Work request:
Omit the pictures and output every entry below exactly as written.

Supplied material:

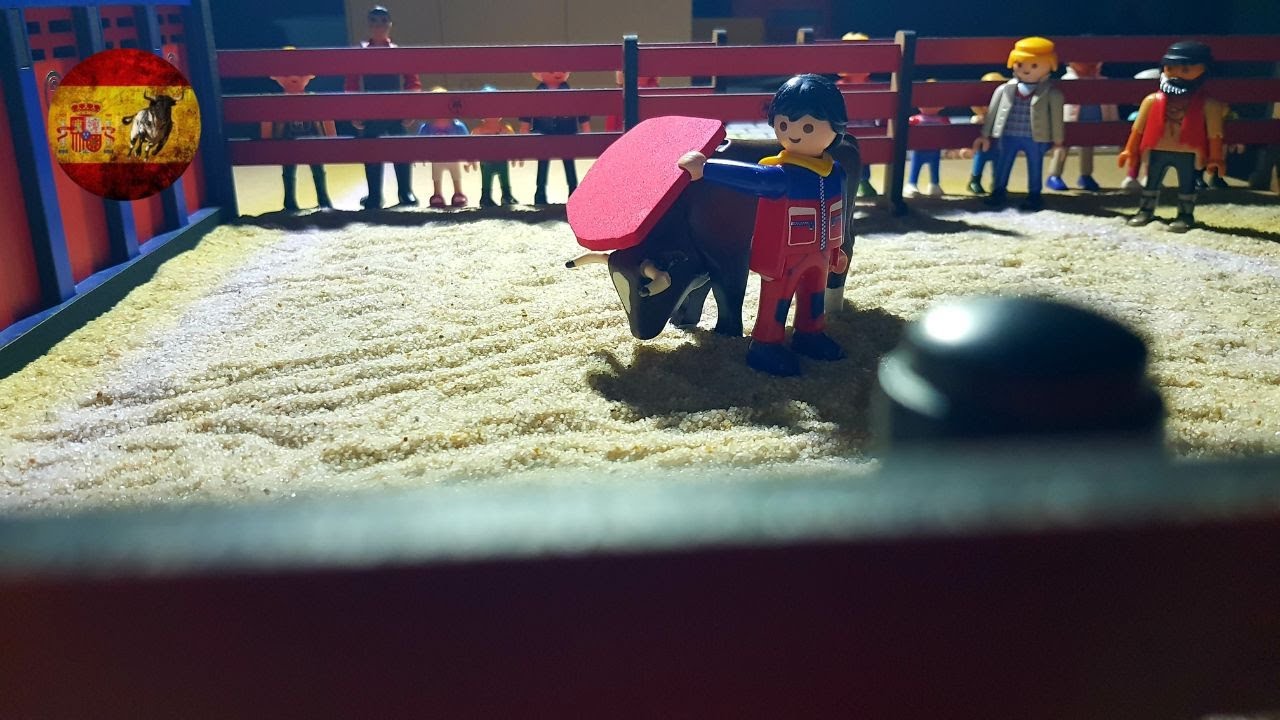 Capea con 2 Toros de la ganadería "Hernandez Pla".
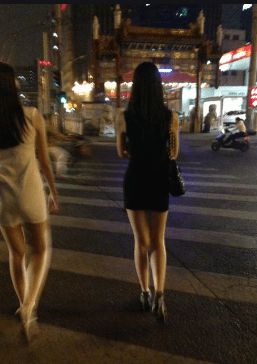 男子扮女装深夜尾随，友情与理解的温馨故事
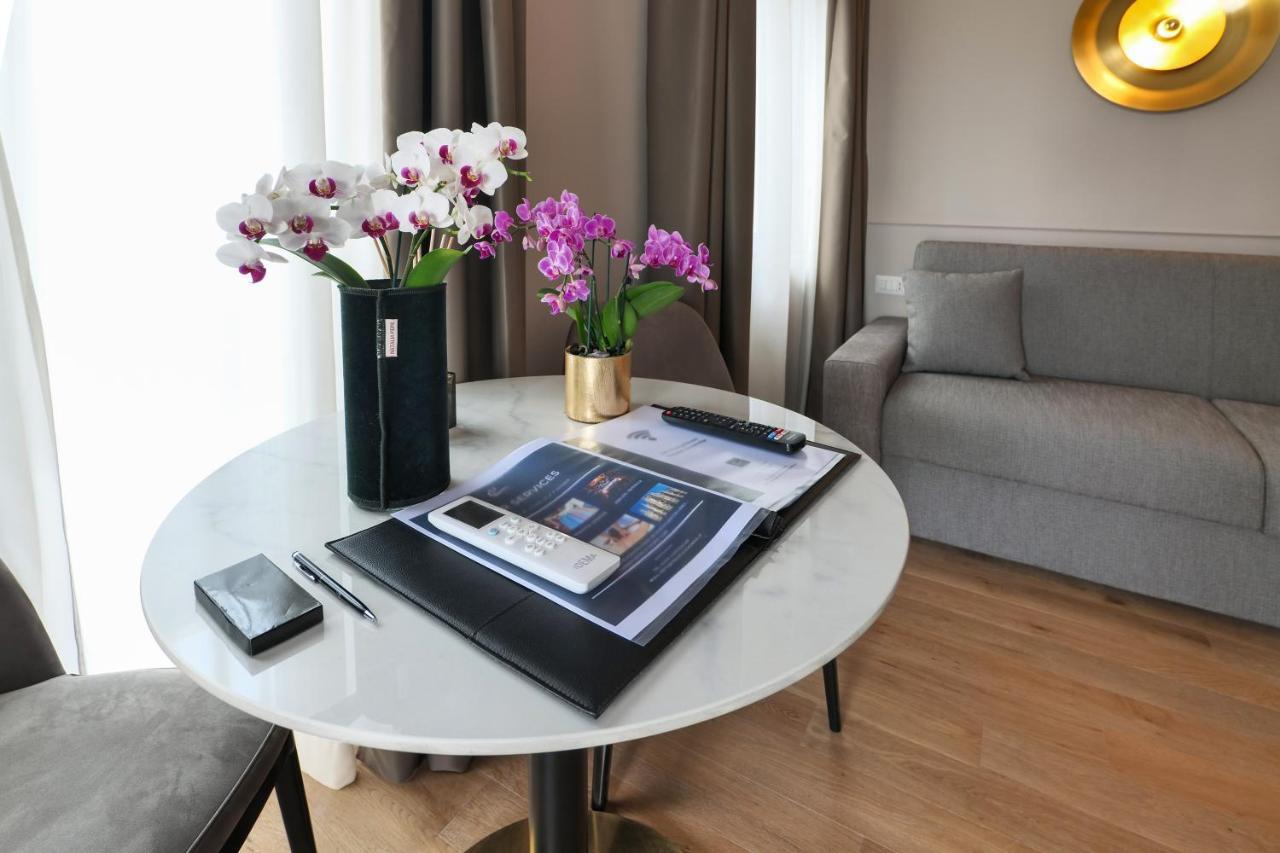 Apartment Prestige Boutique - Piazza Duomo View Milan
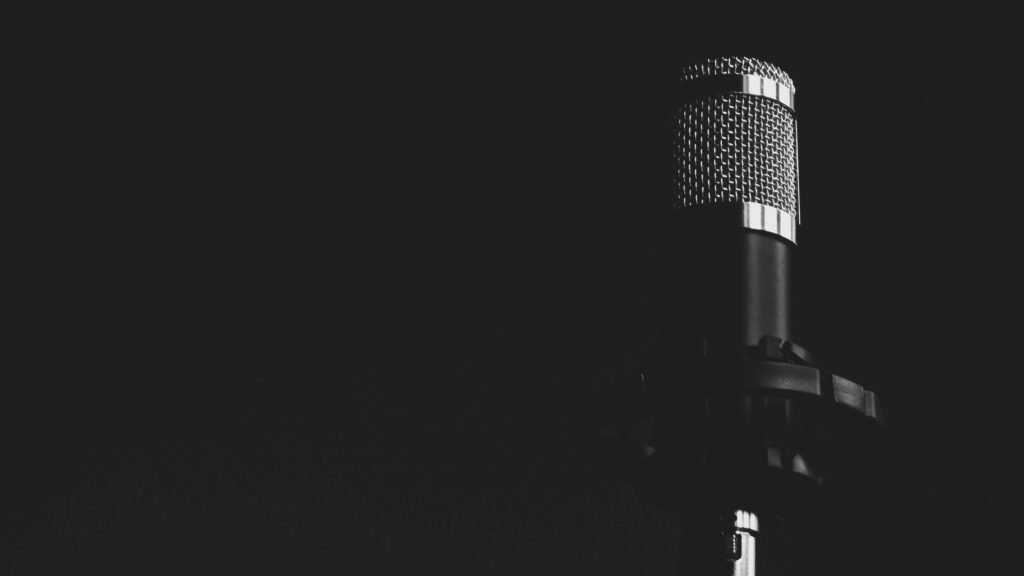 4K Studio Microphone Wallpaper: Minimalist Background for Creators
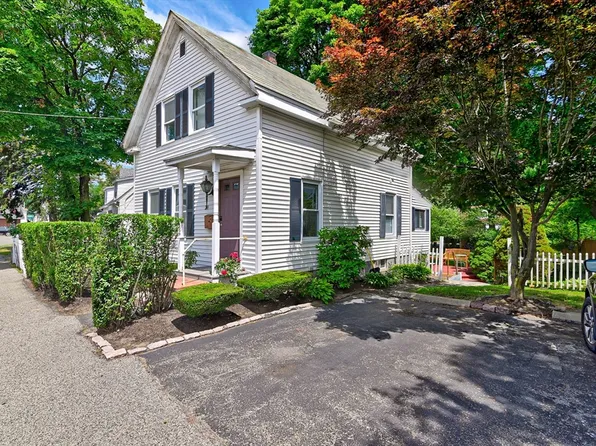 211 Copeland St, Quincy, MA 02169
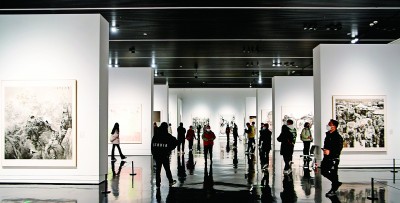 3月18日，藝術(shù)愛好者在“第五屆全國(guó)中國(guó)畫展覽”現(xiàn)場(chǎng)參觀。新華社發(fā)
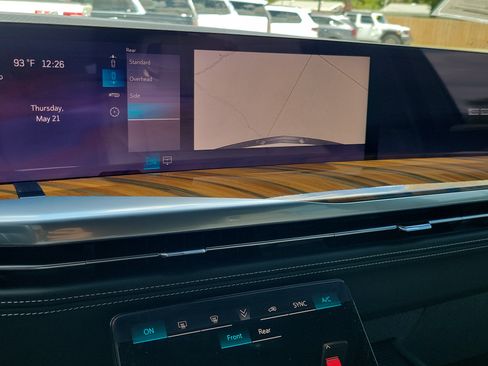 Certified 2025 Cadillac Escalade Sport Platinum w/ LPO, Floor Liner Package AWD/4WD image 24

Your solution:
 Capea con 2 Toros de la ganadería "Hernandez Pla".
 男子扮女装深夜尾随，友情与理解的温馨故事
 Apartment Prestige Boutique - Piazza Duomo View Milan
 4K Studio Microphone Wallpaper: Minimalist Background for Creators
 211 Copeland St, Quincy, MA 02169
 3月18日，藝術(shù)愛好者在“第五屆全國(guó)中國(guó)畫展覽”現(xiàn)場(chǎng)參觀。新華社發(fā)
 Certified 2025 Cadillac Escalade Sport Platinum w/ LPO, Floor Liner Package AWD/4WD image 24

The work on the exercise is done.